-- Opening Marker --
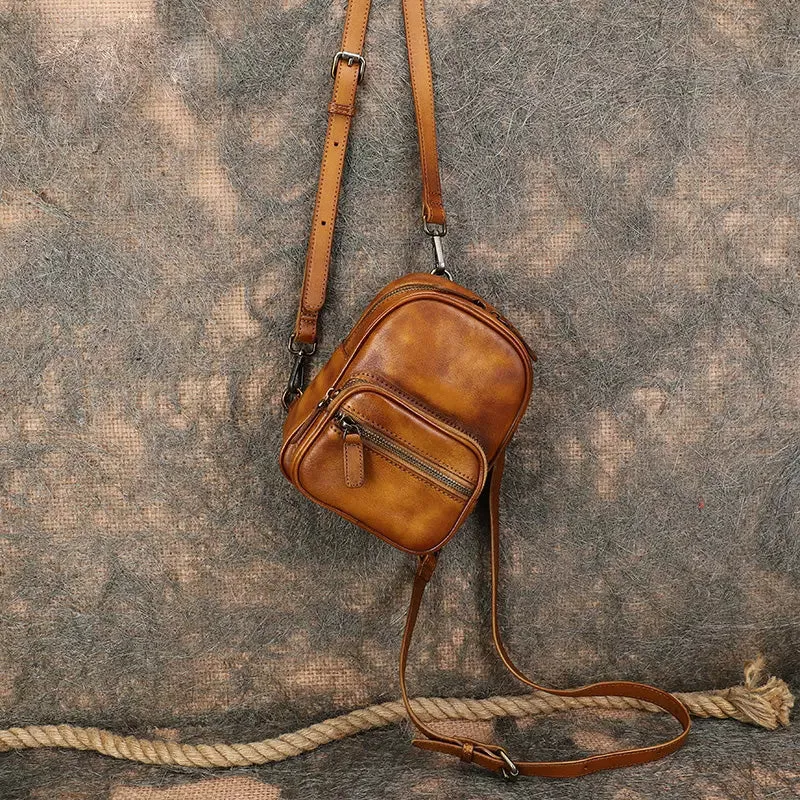 Cute Brown Leather Womens Backpack Mini Rucksack For Women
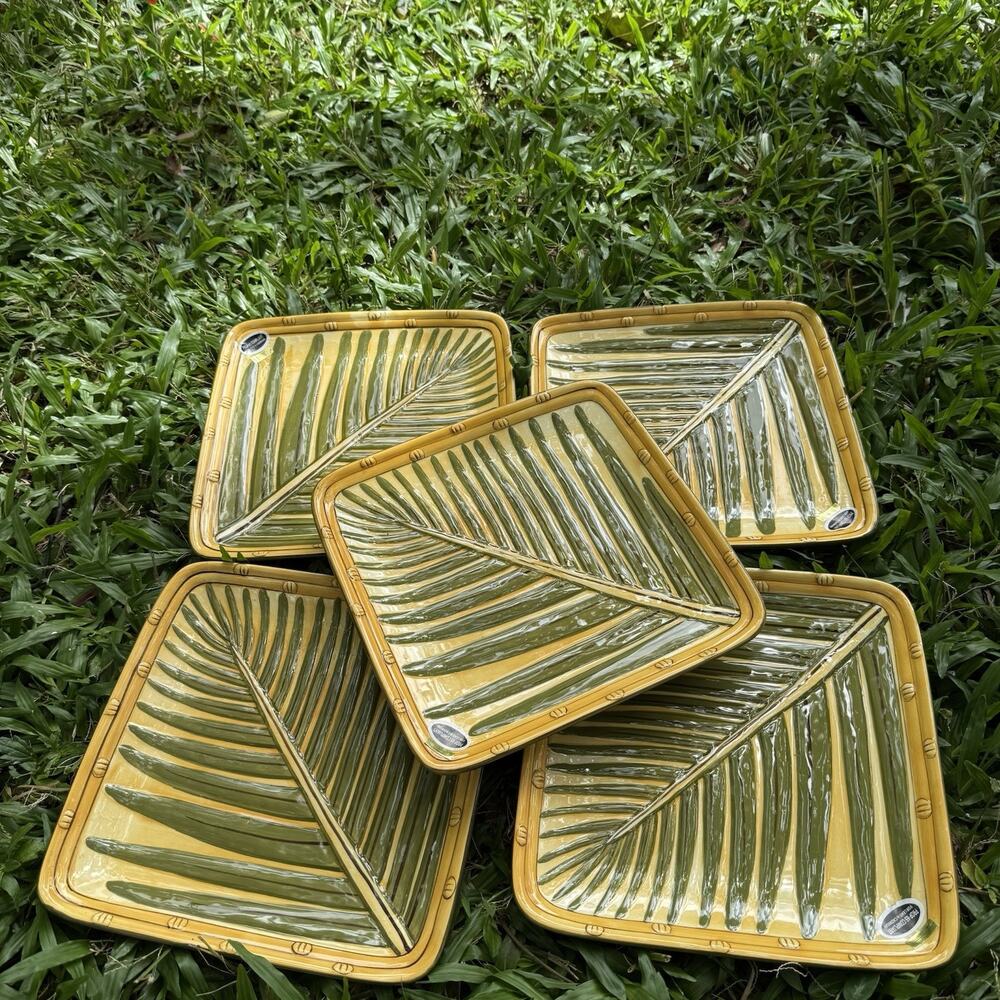 Island Plantations Areca Palm Dinner Plates 10.5" Set Of 5 Hand-Painted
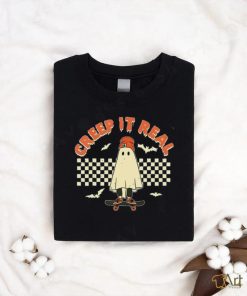 Creep It Real Skateboarding Ghost Halloween T Shirt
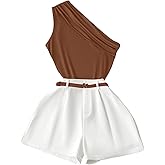 WDIRARA Women's 2 Piece Outfits One Shoulder Asymmetrical Sleeveless Tank Belted Shorts Set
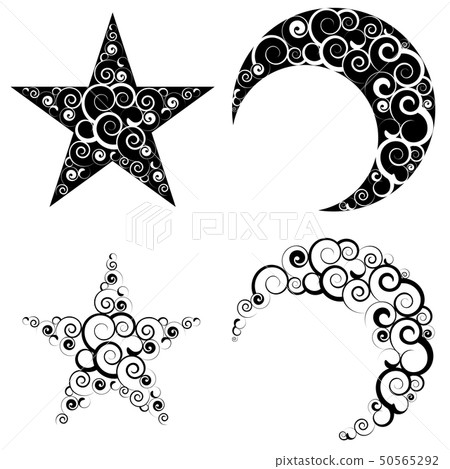 Crescent Moon and Star Symbols Crescent Moon and Star Symbols 50565292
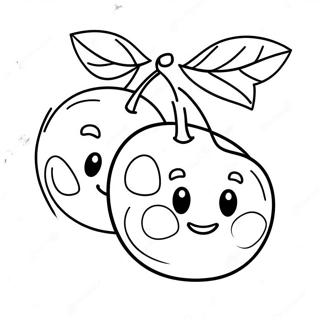 Cute Cherries With Faces Coloring Page 87544-28025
-- Closing Marker --
Reproduce the whole listing word for word, setting aside any pictures.

### Solution to the problem
 Cute Brown Leather Womens Backpack Mini Rucksack For Women
 Island Plantations Areca Palm Dinner Plates 10.5" Set Of 5 Hand-Painted
 Creep It Real Skateboarding Ghost Halloween T Shirt
 WDIRARA Women's 2 Piece Outfits One Shoulder Asymmetrical Sleeveless Tank Belted Shorts Set
 Crescent Moon and Star Symbols Crescent Moon and Star Symbols 50565292
 Cute Cherries With Faces Coloring Page 87544-28025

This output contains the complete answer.